Merujuk kepada Pasal 27 ayat (3) Undang-Undang Nomor 42 Tahun 1999 tentang
Jaminan Fidusia(UU Fidusia) dan Pasal 21 Undang-Undang Nomor 4 Tahun 1996
tentang Hak Tanggungan(UUHT) maka dapatlah kita simpulkan dari kedua ketentuan
tersebut dimana pemegang hak jaminan fidusia dan/atau tanggungan memiliki posisi
yang secure didalam proses pailit maupun PKPU. Yang dapat diartikan dimana dengan
adanya kondisi kepailitan ataupun PKPU tidak berpengaruh terhadap pemilik hak agunan
tersebut.

Pasal 27 ayat (3) UU Fidusia:


Hak yang didahulukan dari Penerima Fidusia tidak hapus karena adanya kepailitan
dan atau likuidasi Pemberi Fidusia.

Pasal 21 UUHT:
Apabila pemberi Hak Tanggungan dinyatakan pailit, pemegang Hak Tanggungan
tetap berwenang melakukan segala hak yang diperolehnya menurut ketentuan
Undang-Undang ini.

Hal ini kemudian kembali dipertegas dalam Pasal 55 ayat (1) UUK yang isinya:

Dengan tetap memperhatikan ketentuan sebagaimana dimaksud dalam Pasal 56, 57,
dan Pasal 58, setiap kreditor pemegang gadai, jaminan fidusia, hak tanggungan,
hipotek atau hak agunan atas kebedaan lainnya, dapat mengeksekusi haknya seolah-
olah tidak terjadi kepailitan.

Jadi, dari ketentuan di atas, meskipun dengan adanya status hukum debitor dalam pailit
ataupun PKPU, hal tersebut tidak mengesampingkan hak-hak kreditor separatis dari
pemegang jaminan fidusia maupun tanggungan.
Kedua ketentuan tersebut di atas menerangkan bahwa pemegang hak agunan harus
melaksanakan haknya dalam kurun waktu 2 (dua) bulan semenjak dimulainya keadaan
insolvensi.
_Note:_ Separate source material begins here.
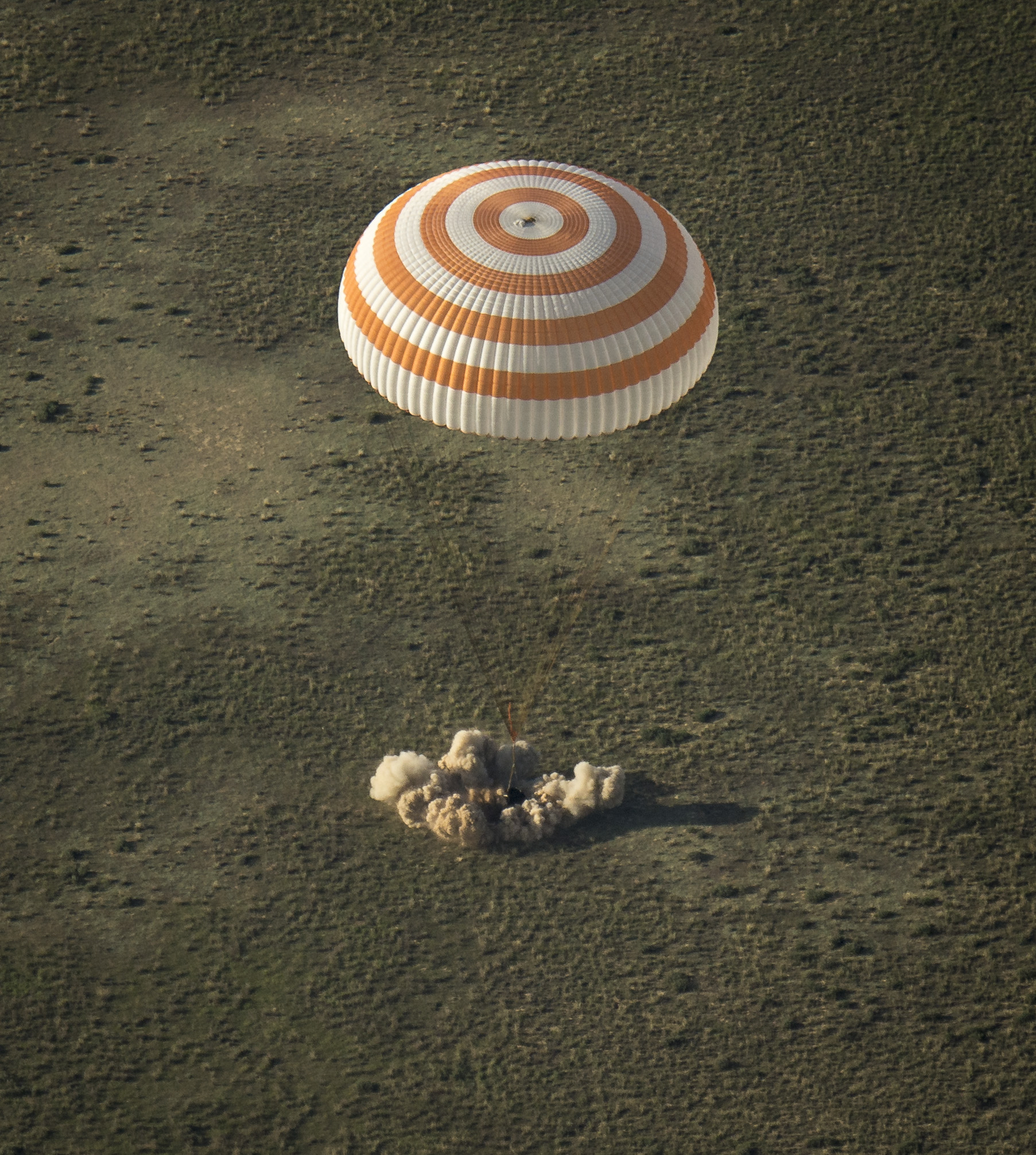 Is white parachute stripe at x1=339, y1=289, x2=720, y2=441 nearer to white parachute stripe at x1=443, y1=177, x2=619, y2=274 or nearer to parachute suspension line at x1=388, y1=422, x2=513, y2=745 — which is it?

Dalam hal kreditor pemegang hak agunan tidak melaksanakan haknya maka
kurator berhak meminta seluruh kebendaan (sertifikat-sertifikat dan bukti lainnya) dari
pemegang agunan untuk kemudian dilelang dan kemudian dibagikan kepada para kreditor
tanpa mengurangi hak separatis dari pemilik hak agunan tersebut.

Bagaimana hubungannya dengan UU KPKPU?


Kami berasumsi yang Anda maksud dengan UU KPKPU adalah Undang-Undang Kepailitan
dan Penundaan Kewajiban Pembayaran Utang, yang kami sebut di atas dengan UUK.
Dalam kontes status hukum debitur dalam PKPU, permasalahan yang rekan sampaikan di
atas hampir sama penerapannya. Pada saat penundaan kewajiban pembayaran utang
(PKPU), pemilik pemegang hak agunan tidak terpengaruhi akan proses PKPU yang
berlangsung ( Pasal 244 UUK).

Namun perlu diketahui lebih lanjut bahwa selama proses PKPU berlangsung pemilik hak
agunan tidak dapat melaksanakan haknya. (Pasal 246 UUK).